Yes, one of the main uses internally for cache are artifact definitions or object representations, including Moqui artifacts like entities, services, and screens and also including more general artifacts like compiled Groovy scripts and parsed/compiled FreeMarker templates. The other main cache use is database data for entities that are always cached (entity.@cache=true) or finds that are cached.
For both of these what we want is the fastest access to frequently used data. Java’s Cache API (JSR 107) is really just an API for compatibility. It’s generally a good API but unfortunately doesn’t include everything might want in a cache… including meta data like when the resource the cached item came from was last updated so that per-entry/line invalidation on an updated underlying resource (by last updated timestamp) is possible.
Using anything external to the Java VM process that Moqui is running in will require a lot of overhead, ie anything other than quick memory access. The Moqui cache implementation is fairly well optimized for a high read rate with a decent feature set (idle and live expire, size limit, etc), and the reason for using it is that after trying various others (and originally using ehCache) none really performed all that well or supported extended features that are useful.
Something like Redis or memcached would require going over the network… which is slow… and serialization & deserialization which is also slow, or at least is slow in terms of a local in-memory cache… and this is something 2-3 orders of magnitude in speed.
The real question for shared network accessible caches is what benefit do they add? For very large scale they might be useful for caching records from a database, but only at high scale where you need to take some load off the relational database itself… because relational databases can cache too, and they are quite good at caching and can respond nearly as fast as redis/memcached.
In one funny story for a system designed for ~100k concurrent users doing fairly complex things there was an attempt to Redis for shared DB record caching. The implementation was buggy and incomplete (didn’t handle invalidation and cache reloading adequately), but even worse when we turned off entity data caching completely the servers ran FASTER… just using the DB cache (in that case MySQL).

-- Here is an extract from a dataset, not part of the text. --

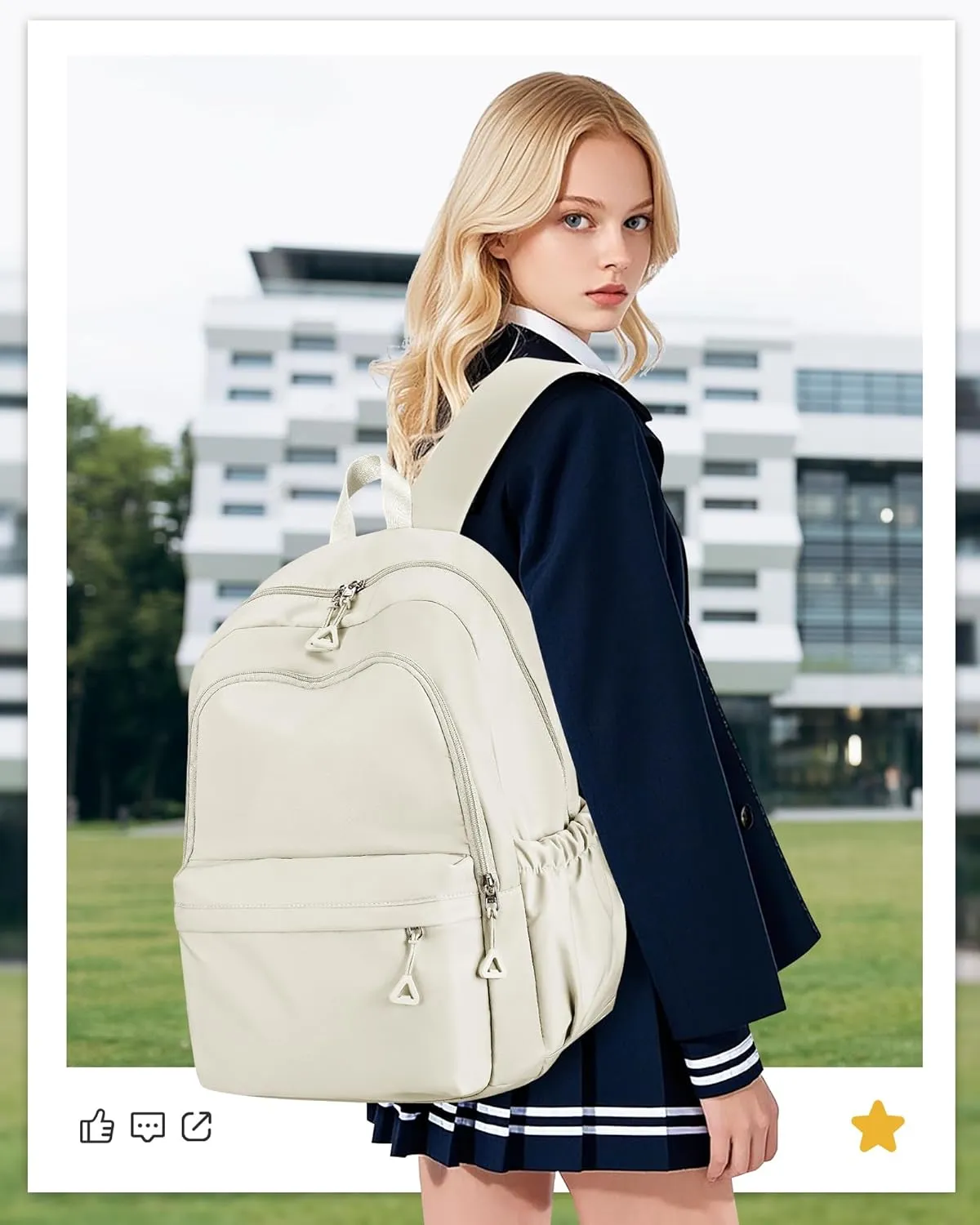 winspansy Backpack for School Teenage Girls Boys,Waterproof Lightweight School Bags Travel Daypack Simple Cute College Backpack Rucksack for Women Men fit 14 Inch Laptop,Beige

IMO it would never make sense to use an over-the-network cache like redis or memcached for artifact definitions and compiled/etc object representations. We want those to be super fast to reduce the overhead of entity operations, service and script calls, screen and template renders, etc. If we had to hop over the network to get the definition each time it would be slow, maybe not slower than reading from the local disk plus re-parsing/compiling… but for some things local disk would be faster (by a fair bit).

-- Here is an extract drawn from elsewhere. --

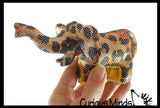 Elephant Sand Filled Animal Toy - Heavy Weighted Sandbag Animal Plush Bean Bag Toss - Shimmering Glitter Safari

For these reasons Moqui doesn’t use shared caching right now, even in deployments with multiple app servers in a cluster. If a shared cache was used it would probably make more sense to use Hazelcast directly (in the moqui-hazelcast component) which is used for various distributed things, including DCI (distributed cache invalidate), session replication, distributed async service calls, etc. For caching DCI is important, and local cache + DCI is the solution used for rapid access to frequently used DB data (like Enumeration, StatusItem, etc) rather than a shared network cache.

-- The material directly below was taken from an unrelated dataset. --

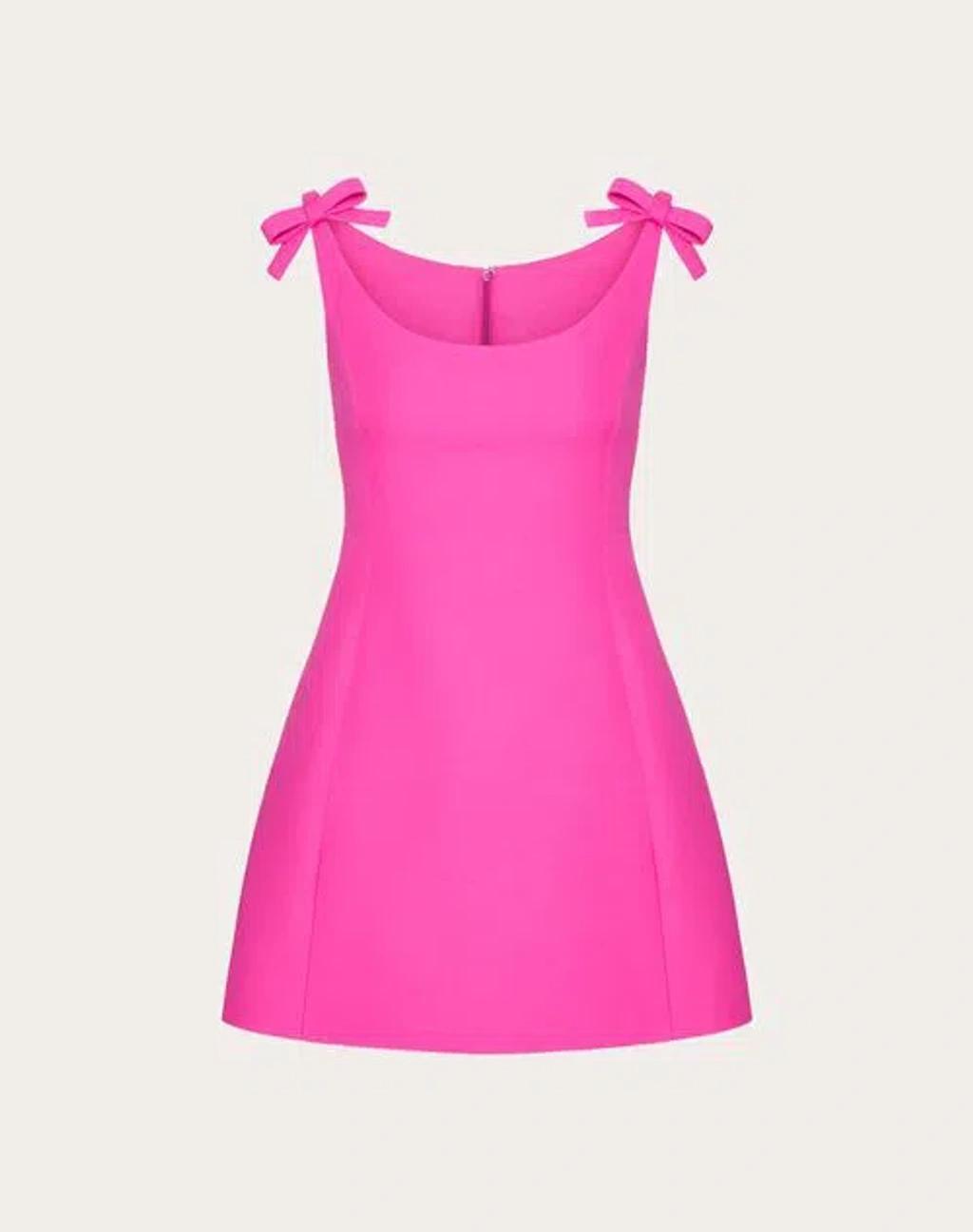 VALENTINO Bow-detail Mini Dress In Pink Pp Product Image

In general the architecture of Moqui Framework is designed for medium scale transactional (as in ACID) data processing. It is not designed for massive scale applications like Facebook or Twitter. If you’re running those you don’t want to use clustered stateful app servers and relational data stores like Moqui does, you don’t need nearly as many screens or database tables and such for the main application, and the data doesn’t need to be strictly transactional with record locking and transaction isolation and such for immediate consistency… eventual consistency of data is fine (and inconsistency often not a critical issue).